**ACTIVITY:** Restate all of the following data exactly, keeping any images out of the copy.

**DATASET SECTION:**
┄┄┄┄┄┄

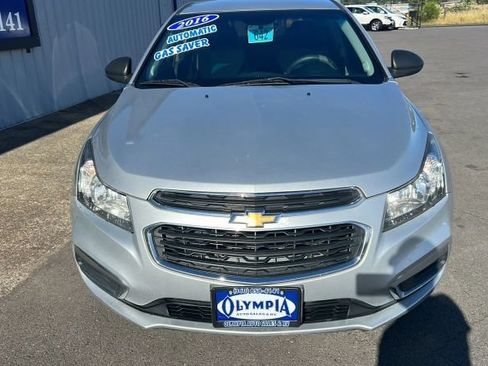 Used 2016 Chevrolet Cruze LS FWD image 2
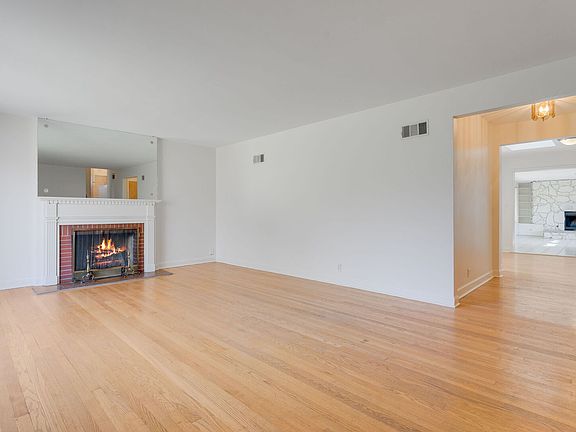 4th image of 4700 Central Ave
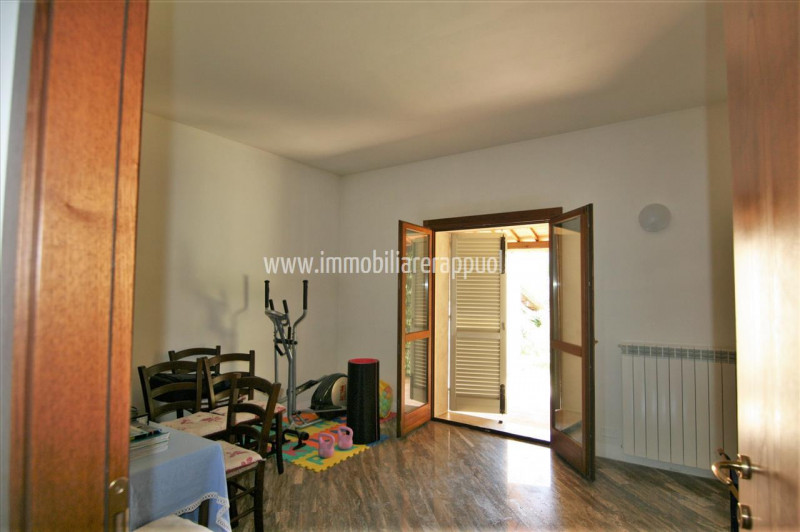 Immagine 3 di Villetta a schiera in vendita  a Sinalunga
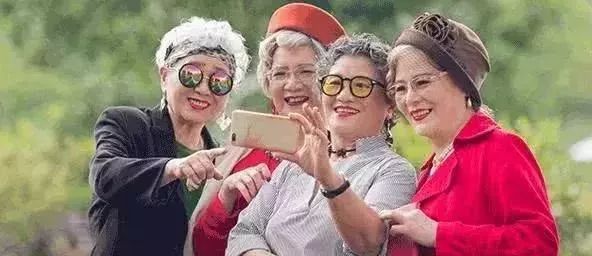 新澳好彩免费资料查询水果奶奶,水果奶奶的新澳好彩之旅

┄┄┄┄┄┄

**SOLUTION TO THIS PROBLEM:**
 Used 2016 Chevrolet Cruze LS FWD image 2
 4th image of 4700 Central Ave
 Immagine 3 di Villetta a schiera in vendita  a Sinalunga
 新澳好彩免费资料查询水果奶奶,水果奶奶的新澳好彩之旅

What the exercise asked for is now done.